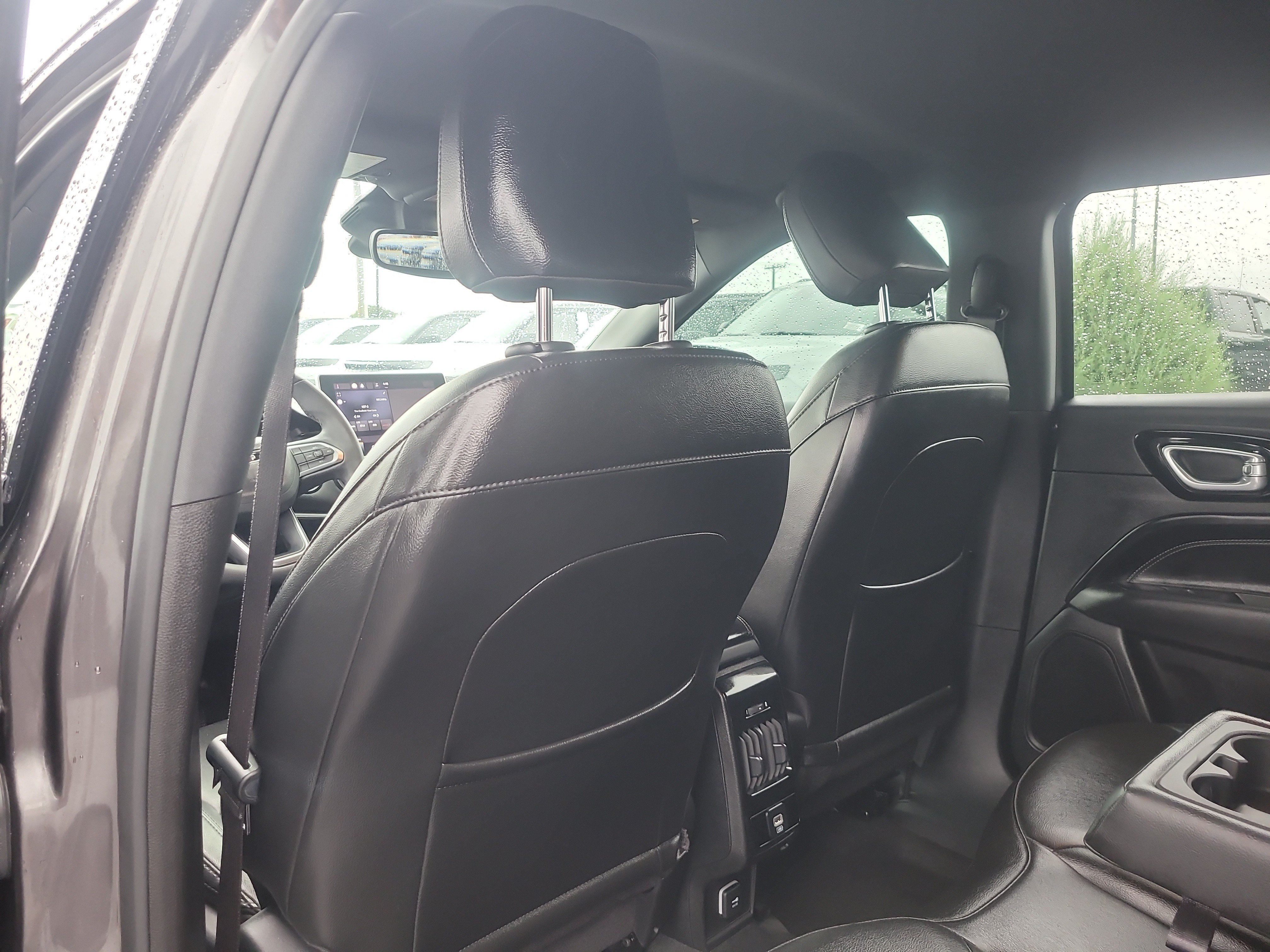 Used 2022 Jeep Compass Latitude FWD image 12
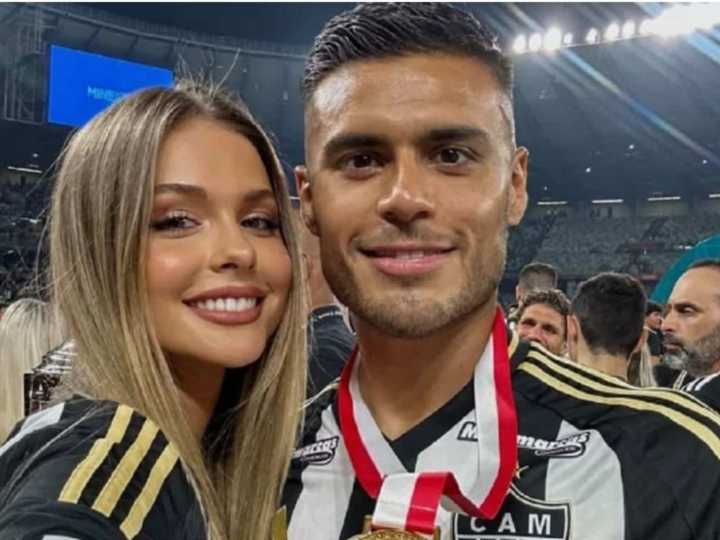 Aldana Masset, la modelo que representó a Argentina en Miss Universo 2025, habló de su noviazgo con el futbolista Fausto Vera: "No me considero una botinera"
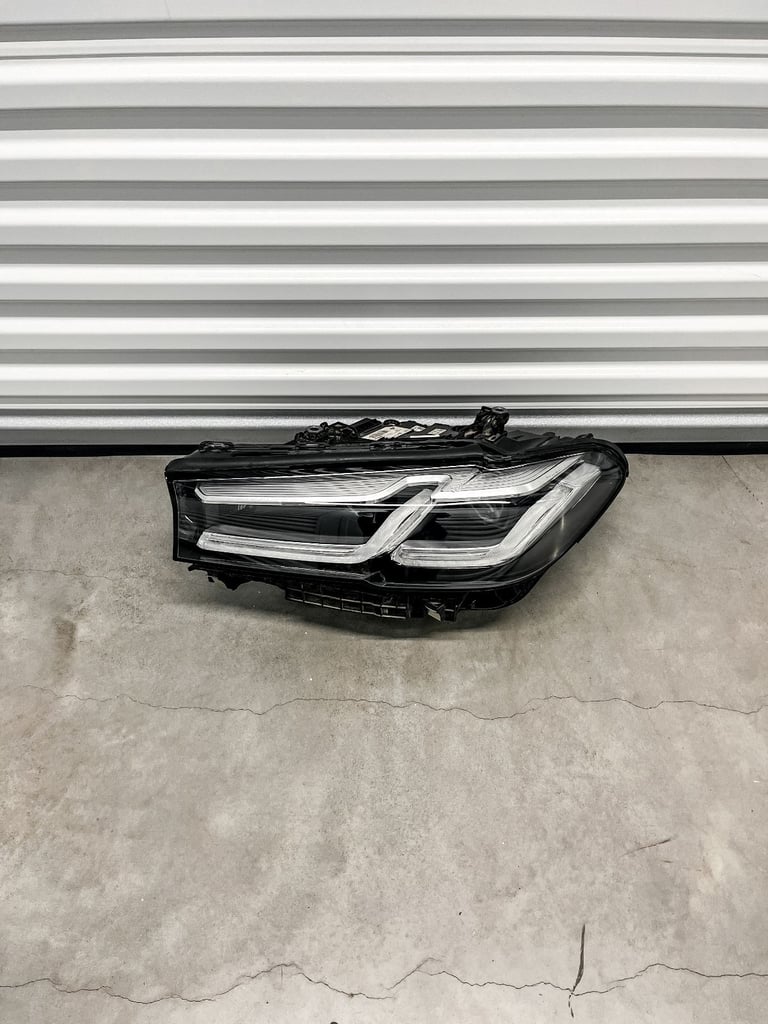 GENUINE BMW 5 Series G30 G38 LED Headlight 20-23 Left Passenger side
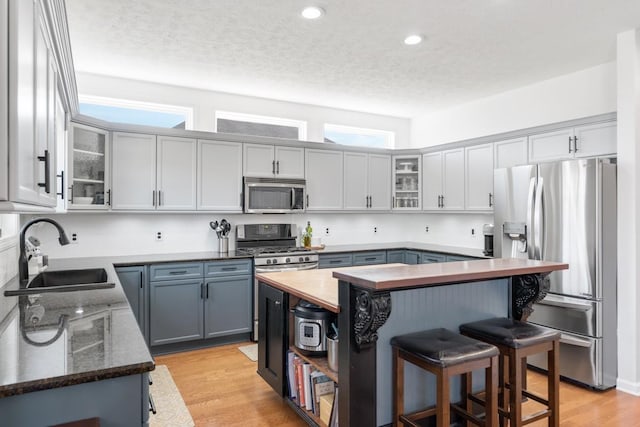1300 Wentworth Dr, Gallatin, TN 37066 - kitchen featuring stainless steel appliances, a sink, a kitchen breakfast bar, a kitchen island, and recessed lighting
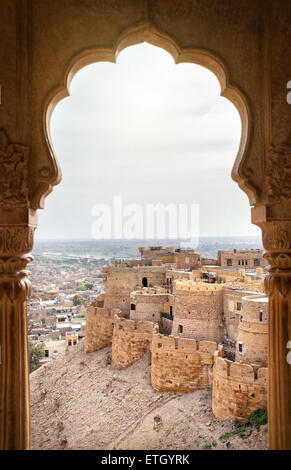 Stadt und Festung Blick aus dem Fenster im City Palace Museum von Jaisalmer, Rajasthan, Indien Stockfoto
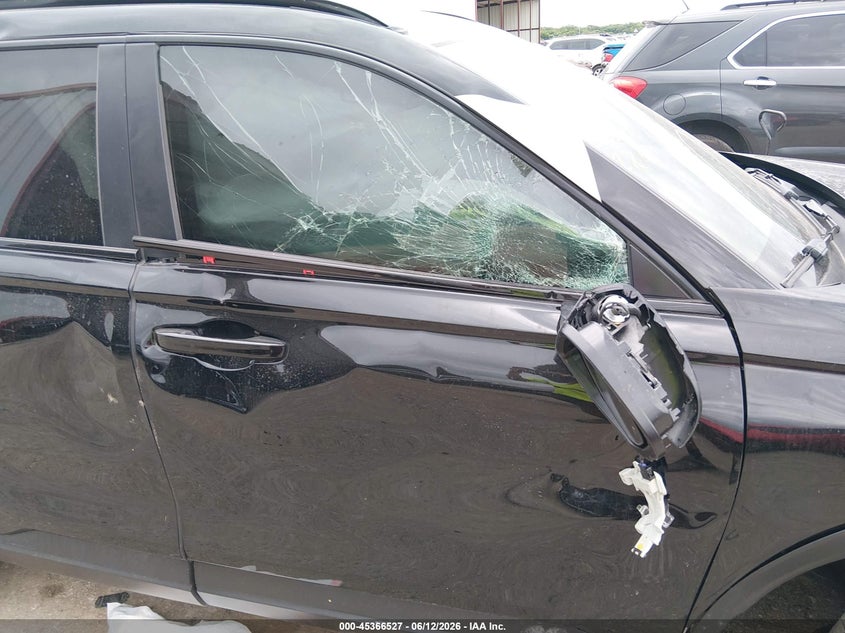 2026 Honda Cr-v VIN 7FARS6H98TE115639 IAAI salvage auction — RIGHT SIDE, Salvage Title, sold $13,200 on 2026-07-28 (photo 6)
****************
> **Task to carry out**:
Set the lines above down again, word for word, from the first through the one containing "GENUINE BMW 5"; pictures excluded.

> **Answer box**:
 Used 2022 Jeep Compass Latitude FWD image 12
 Aldana Masset, la modelo que representó a Argentina en Miss Universo 2025, habló de su noviazgo con el futbolista Fausto Vera: "No me considero una botinera"
 GENUINE BMW 5 Series G30 G38 LED Headlight 20-23 Left Passenger side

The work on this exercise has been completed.